■ **PROBLEM**: Once the line containing "LHD RHD高品質のパワードアロックアクチュエータホンダアコード2003-07 Acura" has been printed, stop; print every line before it exactly, starting at the top of the material below.

■ **MATERIAL FOR THE TASK**:
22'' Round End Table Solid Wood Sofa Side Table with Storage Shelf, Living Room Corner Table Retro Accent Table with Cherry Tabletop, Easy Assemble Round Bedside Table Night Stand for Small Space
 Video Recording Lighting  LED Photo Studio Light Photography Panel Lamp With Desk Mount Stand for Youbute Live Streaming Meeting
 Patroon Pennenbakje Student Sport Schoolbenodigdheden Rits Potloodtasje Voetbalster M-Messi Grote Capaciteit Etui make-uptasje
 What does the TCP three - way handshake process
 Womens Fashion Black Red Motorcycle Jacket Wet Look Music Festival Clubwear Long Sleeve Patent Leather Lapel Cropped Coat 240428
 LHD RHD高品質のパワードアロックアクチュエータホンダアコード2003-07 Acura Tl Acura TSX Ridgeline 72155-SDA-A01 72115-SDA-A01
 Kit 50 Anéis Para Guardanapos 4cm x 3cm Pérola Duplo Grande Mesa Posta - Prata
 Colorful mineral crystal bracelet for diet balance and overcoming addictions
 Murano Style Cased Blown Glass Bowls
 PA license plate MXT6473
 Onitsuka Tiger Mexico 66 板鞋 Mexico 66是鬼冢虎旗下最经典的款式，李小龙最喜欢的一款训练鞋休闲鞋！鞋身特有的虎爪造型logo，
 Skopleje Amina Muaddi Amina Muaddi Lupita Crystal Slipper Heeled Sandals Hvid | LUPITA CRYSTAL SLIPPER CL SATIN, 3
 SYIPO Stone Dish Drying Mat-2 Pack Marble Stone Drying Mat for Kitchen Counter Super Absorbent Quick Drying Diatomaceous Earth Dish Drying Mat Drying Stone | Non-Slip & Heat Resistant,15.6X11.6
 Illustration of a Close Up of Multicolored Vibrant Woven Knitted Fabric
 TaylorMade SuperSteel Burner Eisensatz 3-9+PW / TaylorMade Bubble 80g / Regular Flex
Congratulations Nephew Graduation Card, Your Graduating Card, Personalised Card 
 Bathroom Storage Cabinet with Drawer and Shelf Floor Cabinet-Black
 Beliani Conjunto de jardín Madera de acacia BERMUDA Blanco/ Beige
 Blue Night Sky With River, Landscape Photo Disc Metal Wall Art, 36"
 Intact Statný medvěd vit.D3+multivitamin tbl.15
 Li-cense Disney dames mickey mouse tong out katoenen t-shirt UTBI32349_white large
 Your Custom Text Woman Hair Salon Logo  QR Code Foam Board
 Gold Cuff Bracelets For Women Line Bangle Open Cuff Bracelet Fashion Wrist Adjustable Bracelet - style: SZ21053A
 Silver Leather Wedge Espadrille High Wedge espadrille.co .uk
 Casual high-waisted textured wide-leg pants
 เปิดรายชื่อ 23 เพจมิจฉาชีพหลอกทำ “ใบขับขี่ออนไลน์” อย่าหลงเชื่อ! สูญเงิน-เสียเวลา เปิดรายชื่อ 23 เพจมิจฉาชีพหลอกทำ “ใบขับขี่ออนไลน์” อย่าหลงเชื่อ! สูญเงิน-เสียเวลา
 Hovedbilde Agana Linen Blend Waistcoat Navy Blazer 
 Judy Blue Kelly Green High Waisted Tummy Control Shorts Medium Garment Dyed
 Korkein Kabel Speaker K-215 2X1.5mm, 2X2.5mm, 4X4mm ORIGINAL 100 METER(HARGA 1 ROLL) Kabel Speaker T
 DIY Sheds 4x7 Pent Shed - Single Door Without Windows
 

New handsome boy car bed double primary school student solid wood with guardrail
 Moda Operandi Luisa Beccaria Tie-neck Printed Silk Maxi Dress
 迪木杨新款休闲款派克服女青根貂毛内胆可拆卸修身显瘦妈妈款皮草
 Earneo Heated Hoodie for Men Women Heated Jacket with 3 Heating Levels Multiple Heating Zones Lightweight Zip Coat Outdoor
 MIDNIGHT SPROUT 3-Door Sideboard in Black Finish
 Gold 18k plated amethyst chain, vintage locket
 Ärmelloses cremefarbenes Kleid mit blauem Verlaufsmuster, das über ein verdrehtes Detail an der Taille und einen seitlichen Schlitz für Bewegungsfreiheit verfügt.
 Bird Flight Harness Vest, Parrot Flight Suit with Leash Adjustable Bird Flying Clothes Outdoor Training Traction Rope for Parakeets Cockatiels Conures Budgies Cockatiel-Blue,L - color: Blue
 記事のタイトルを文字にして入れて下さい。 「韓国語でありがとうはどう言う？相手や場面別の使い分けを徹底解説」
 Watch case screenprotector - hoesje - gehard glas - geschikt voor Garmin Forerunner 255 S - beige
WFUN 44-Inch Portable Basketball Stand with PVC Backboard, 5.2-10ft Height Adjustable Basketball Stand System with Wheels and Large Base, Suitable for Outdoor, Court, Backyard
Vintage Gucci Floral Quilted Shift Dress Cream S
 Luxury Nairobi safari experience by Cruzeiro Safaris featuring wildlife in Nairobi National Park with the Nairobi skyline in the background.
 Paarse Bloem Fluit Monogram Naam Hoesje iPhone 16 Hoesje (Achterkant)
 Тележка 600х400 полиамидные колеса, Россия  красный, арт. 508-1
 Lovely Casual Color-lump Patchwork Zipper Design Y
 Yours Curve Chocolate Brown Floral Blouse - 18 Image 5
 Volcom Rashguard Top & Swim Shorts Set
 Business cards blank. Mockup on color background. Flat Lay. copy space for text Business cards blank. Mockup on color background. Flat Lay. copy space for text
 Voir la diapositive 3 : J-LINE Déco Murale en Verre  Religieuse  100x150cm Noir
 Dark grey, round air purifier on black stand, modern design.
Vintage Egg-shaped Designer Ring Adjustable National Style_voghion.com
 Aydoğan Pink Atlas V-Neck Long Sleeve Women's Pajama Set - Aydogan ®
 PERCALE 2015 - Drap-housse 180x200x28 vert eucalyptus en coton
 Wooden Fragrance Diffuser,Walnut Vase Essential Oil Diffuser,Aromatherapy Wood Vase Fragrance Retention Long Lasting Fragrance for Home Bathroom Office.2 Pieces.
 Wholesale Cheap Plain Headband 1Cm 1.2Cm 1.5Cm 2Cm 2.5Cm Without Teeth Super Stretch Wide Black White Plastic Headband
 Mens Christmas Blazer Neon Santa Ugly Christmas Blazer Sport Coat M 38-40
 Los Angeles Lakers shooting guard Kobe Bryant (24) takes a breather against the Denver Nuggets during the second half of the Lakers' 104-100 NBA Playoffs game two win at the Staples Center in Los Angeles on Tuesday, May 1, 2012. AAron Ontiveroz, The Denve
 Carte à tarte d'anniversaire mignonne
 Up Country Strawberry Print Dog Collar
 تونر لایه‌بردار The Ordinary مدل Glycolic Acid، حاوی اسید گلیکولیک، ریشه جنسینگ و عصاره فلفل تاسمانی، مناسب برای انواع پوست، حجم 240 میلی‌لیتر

■ **TASK RESPONSE**:
22'' Round End Table Solid Wood Sofa Side Table with Storage Shelf, Living Room Corner Table Retro Accent Table with Cherry Tabletop, Easy Assemble Round Bedside Table Night Stand for Small Space
 Video Recording Lighting  LED Photo Studio Light Photography Panel Lamp With Desk Mount Stand for Youbute Live Streaming Meeting
 Patroon Pennenbakje Student Sport Schoolbenodigdheden Rits Potloodtasje Voetbalster M-Messi Grote Capaciteit Etui make-uptasje
 What does the TCP three - way handshake process
 Womens Fashion Black Red Motorcycle Jacket Wet Look Music Festival Clubwear Long Sleeve Patent Leather Lapel Cropped Coat 240428
 LHD RHD高品質のパワードアロックアクチュエータホンダアコード2003-07 Acura Tl Acura TSX Ridgeline 72155-SDA-A01 72115-SDA-A01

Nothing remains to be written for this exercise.